- Your instructions -
What you need to produce from the material below is an exact transcription of the lines from the one with "Christmas Gingerbread House Beach Towel" through the one with "EDWIN Regular Fit", both included, and no other line.

====

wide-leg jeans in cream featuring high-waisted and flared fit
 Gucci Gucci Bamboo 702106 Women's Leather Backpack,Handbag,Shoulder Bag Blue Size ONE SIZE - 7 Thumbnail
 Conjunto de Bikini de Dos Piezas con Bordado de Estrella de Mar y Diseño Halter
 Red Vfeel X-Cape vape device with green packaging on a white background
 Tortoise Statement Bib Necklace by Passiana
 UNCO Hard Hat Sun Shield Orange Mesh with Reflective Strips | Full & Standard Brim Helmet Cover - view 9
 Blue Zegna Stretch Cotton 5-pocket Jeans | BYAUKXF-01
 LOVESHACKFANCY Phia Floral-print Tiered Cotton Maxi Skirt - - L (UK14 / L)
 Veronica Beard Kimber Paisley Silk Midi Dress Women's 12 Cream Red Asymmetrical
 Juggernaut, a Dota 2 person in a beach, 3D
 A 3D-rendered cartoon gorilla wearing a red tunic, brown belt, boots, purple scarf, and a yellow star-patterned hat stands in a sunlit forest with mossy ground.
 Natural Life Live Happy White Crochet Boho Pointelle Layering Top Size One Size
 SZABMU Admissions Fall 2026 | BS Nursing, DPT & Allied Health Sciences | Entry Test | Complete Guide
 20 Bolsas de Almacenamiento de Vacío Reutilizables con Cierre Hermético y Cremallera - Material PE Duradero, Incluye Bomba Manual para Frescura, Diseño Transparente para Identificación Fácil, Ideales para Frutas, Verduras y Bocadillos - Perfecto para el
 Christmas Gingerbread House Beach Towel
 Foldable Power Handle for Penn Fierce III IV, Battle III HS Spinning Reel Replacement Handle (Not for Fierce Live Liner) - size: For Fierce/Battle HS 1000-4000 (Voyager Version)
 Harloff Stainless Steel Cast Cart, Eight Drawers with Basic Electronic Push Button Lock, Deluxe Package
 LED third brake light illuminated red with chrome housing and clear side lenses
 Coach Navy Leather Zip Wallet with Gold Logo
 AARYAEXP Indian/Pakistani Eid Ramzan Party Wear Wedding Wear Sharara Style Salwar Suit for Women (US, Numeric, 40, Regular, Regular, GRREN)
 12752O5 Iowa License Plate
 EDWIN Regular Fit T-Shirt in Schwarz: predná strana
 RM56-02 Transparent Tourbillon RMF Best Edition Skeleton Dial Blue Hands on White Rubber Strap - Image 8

====

- Result -
 Christmas Gingerbread House Beach Towel
 Foldable Power Handle for Penn Fierce III IV, Battle III HS Spinning Reel Replacement Handle (Not for Fierce Live Liner) - size: For Fierce/Battle HS 1000-4000 (Voyager Version)
 Harloff Stainless Steel Cast Cart, Eight Drawers with Basic Electronic Push Button Lock, Deluxe Package
 LED third brake light illuminated red with chrome housing and clear side lenses
 Coach Navy Leather Zip Wallet with Gold Logo
 AARYAEXP Indian/Pakistani Eid Ramzan Party Wear Wedding Wear Sharara Style Salwar Suit for Women (US, Numeric, 40, Regular, Regular, GRREN)
 12752O5 Iowa License Plate
 EDWIN Regular Fit T-Shirt in Schwarz: predná strana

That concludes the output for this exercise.